I have just spent several days reviewing engineering reports and construction plans for Riverbend Landfill. It should have never grown to 86 acres and 164 feet high. You can Google Earth Riverbend Landfill to see its location, 52% of which is in the original flood plain, and now 350' from the eroding river bank.
• It is located in a wet climate with 39" of rainfall a year. This is over one million gallons of water annually falling on each acre.
• It is located in a flood plain and floodway of the meandering South Yamhill River. Water laps up to the 5,200-foot perimeter berm every year.
• If the berm fails (it has been repaired several times), garbage has only a few feet to go to be in flood waters.
• It is located upstream of the water intake works for several cities.
• It is located upstream of water intakes for irrigation of food crops.
• Riverbend Landfill is located in Oregon’s premier Wine Country, next to a major tourist highway to the Oregon Coast
• The South Yamhill River is a 303(d) listed river for salmon (ie, the river is in bad shape).
• The original Cells 1, 2 and 3 are unlined and lack compacted clay bottoms; portions of these cells are below ground water levels. These three cells generated much of the 10,386,725 gallons of leachate collected from Cells 1/5P in 2015. Leachate is contaminated ground water that is pumped out of the landfill and treated.

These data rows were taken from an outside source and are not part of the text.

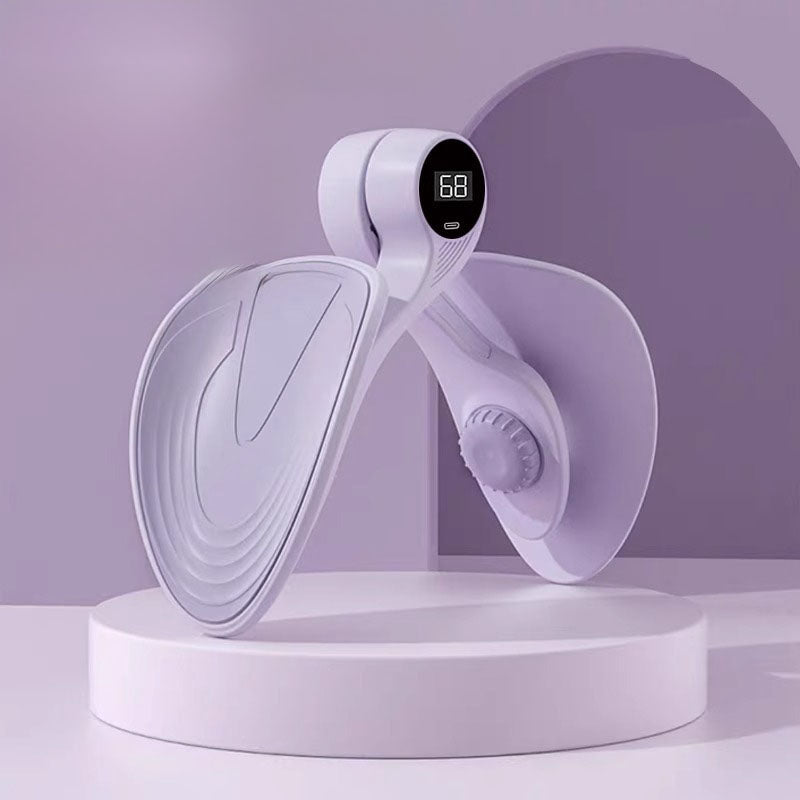 Intimier™ Pelvic Floor Trainer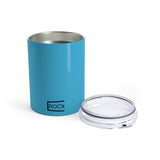 Sky Blue Tumbler 10oz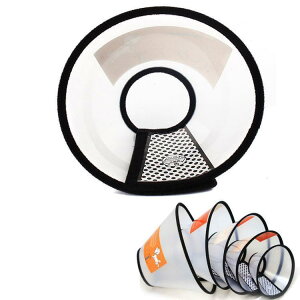 �G���U�x�X�J���[ �G���J�� ���p�@�L�p �y�b�g�p�i �p��ی� ��� ��p�� �R�ۏ��L �p�㕞 ���r�� ���r�� ���������h�~ ���� �畆���� ��×p ���e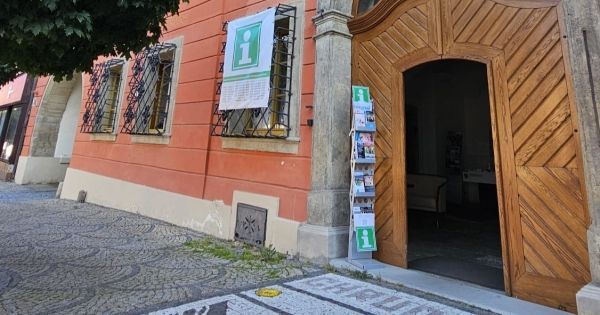 infocentrum-875-600×315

• The proposal is to add 490,000 cubic yards on to of Cells 1, 2, and 3 at slopes greater than allowed by Oregon Administrative Rules.
• The expansion design is based on one earthquake every 2,400 years. We have had nineteen 9.0+ earthquakes in the last 10,000 years and forty-one 8.0+ earthquakes in the last 10,000 years.

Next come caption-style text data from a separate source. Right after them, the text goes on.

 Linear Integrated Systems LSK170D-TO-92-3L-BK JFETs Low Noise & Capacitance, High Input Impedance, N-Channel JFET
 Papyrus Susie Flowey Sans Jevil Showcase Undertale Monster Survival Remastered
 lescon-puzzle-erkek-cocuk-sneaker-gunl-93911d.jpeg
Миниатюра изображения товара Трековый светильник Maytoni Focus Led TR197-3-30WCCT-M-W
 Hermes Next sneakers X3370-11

• Each earthquake of that magnitude will have fore shocks and after shocks at a slightly lesser magnitude. Japan’s 9.1 March 2011 earthquake had five 7.1 to 7.2 fore and after shocks within a four month period.
• The proposed design is based on the upper limit of movement in the landfill being no more than 6" to 12", which is the 35-year-old “generally accepted practice in California,” which is prone to slip zone quakes. Riverbend is not is California, it does not have slip zone earthquakes, it has subduction zone earthquakes. As stated by Chris Goldfinger in a CNN report, “"You're going to have three to five minutes of shaking, and if you're used to earthquakes in California, they typically last 15 to 30 seconds and before you are really sure of what is happening, it is over” and “Cascadia can make an earthquake almost 30 times more energetic than the San Andreas....” The California standard should not be applied to Riverbend Landfill.

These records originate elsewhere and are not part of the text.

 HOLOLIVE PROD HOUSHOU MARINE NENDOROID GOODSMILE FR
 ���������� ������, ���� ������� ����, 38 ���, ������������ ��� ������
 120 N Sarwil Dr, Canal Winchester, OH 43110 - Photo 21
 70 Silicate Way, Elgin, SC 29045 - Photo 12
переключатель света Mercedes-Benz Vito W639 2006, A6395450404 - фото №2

• Riverbend has no plan or funding to respond to earthquakes or damage from earthquakes.
• Riverbend generated 39,517,421 gallons of leachate in 2015 (the amount of leachate has increased every year). On average, a truck load of leachate was hauled from Riverbend to Salem or Hillsboro for treatment every one hour and 20 minutes, every day during 2015. Funding set aside for leachate management is woefully inadequate; the funding model anticipates the landfill generating only 296,958 gallons of leachate requiring treatment in 2044.
• Cities downstream that may be affected are McMinnville, Dayton, Newberg, Wilsonville, Oregon City, West Linn and Portland.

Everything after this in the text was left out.